104 Akademisi Dukung Perjuangan Warga Rempang Lawan Pemerintah

Penulis : Gilang Helindro

Agraria

Senin, 11 Maret 2024

Editor : Yosep Suprayogi

BETAHITA.ID -  Solidaritas akademisi untuk warga Rempang terus berlanjut. Sebanyak 104 akademisi dan 38 institusi menyatakan lima sikap memberi dukungan.

Herdiansyah Hamzah, perwakilan dari Kaukus Indonesia untuk Kebebasan Akademik (KIKA) mengatakan, pascaaksi mempertahankan tanah dan ruang hidupnya pada 11 september 2023, sebanyak 43 warga rempang ditangkap. Hingga kini persidangan masih berlangsung secara maraton. 

“Ini jelas bentuk kriminalisasi, cara kekuasaan dan aparaturnya membungkam protes warga Rempang. Dan cara-cara semacam ini sudah seringkali kita dapatkan, terutama di kantong-kantong proyek strategis nasional (PSN). Perampasan tanah rakyat ini membentang mulai dari Wadas, Poco Leok, Air Bangis, hingga Rempang. Kekuasaan mengkriminalkan warganya untuk membungkam protes atas proyek PSN,” ungkap Herdiansyah Hamzah dalam konferensi pers Senin, 4 Maret 2024. 

Wadi, warga Sembulang Hulu, Pulau Rempang, menyebut upaya proses hukum yang sampai saat ini masih berjalan, tidak membuat semangat masyarakat rempang surut. “Kami minta komitmen semua warga dan sama-sama jage tanah kite," kata Wadi.

Lebih dari seribu warga melayu Rempang dan Galang menggelar acara silaturahmi dan menyatakan penolakan terhadap rencana relokasi untuk PSN Rempang Eco City, 11 Oktober 2023 kemarin. Foto: Walhi Riau.

Menurut Wadi, hampir semua warga Sembulang Hulu tidak mau tanda tangan ikut relokasi. Kalau seandainya salah satu saja ikut mendaftar, Wadi yakin perjuangan mereka akan hancur.

"Kami ini asli warga Sembulang Hulu. Kami akan bertahan, kami tidak sendiri, banyak yang mendukung untuk menjaga tanah kite,” katanya.

Wilton Amos Panggabean, perwakilan LBH Pekanbaru mengatakan, selama mendampingi warga Rempang dan melihat situasi di lapangan, sampai hari ini posko Sembilang Hulu masih berdiri dalam memberi perlawanan, menjaga ruang hidup bagi masyarakat.

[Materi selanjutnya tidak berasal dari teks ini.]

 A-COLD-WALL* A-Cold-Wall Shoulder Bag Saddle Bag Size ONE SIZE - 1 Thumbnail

Alih-alih melemahkan perjuangan warga, kata Wilton, proses kriminalisasi justru melipat gandakan kekuatan perlawanan. “Warga masih sama sama berjuang, dampak persidangan semakin menguatkan warga satu sama lain,” kata Wilton.

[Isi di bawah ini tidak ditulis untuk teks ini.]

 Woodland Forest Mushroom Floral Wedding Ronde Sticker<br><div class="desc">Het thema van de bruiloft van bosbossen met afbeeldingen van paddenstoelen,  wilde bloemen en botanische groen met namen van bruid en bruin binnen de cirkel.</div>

Rina Mardiana menyebut, lima pernyataan sikap 104 akademisi dan 38 institusi sebagai berikut. Pertama, atas nama keadilan, pengadilan harus membebaskan warga Rempang yang dikriminalisasi karena memperjuangkan tanah dan kehidupannya. 

Kedua, kata Rina, menolak segala bentuk intimidasi pemerintah terhadap warga Rempang, termasuk upaya relokasi paksa melalui surat peringatan terhadap warga. Ketiga, membatalkan proyek strategis nasional rempang eco city, maupun proyek-proyek strategis nasional lainnya. Negara harus memihak kepentingan warga negara dibanding kepentingan investasi dan para pemodal. “Jadi ini kepentingan siapa?,” tanya Rina.

Keempat, meminta negara melepaskan cara pandang domein verklaring dalam penguasaan tanah. Sebab negara hanya merepresentasikan kepentingan rakyat. Oleh karena itu, negara harus mencerminkan kehendak rakyat, bukan kehendak para pemodal. Kelima, meminta kepada kalangan akademisi untuk bersolidaritas terhadap warga Rempang dan warga lainnya yang terdampak proyek strategis nasional. 

“Naluri kemanusiaan kita harus diaktifkan, keberpihakan kita pada rakyat banyak, pada inklusivitas keadilan sosial rakyat bukan kepada penguasa dzolim apalagi kepada pemodal tamak,” ungkap Rina.

Herdiansyah menambahkan, kami ingin menggambarkan, warga rempang tidak sendiri, “kita berharap dukungan kawan kawan semua menjadi energi yang terus melipat gandakan warga rempang”.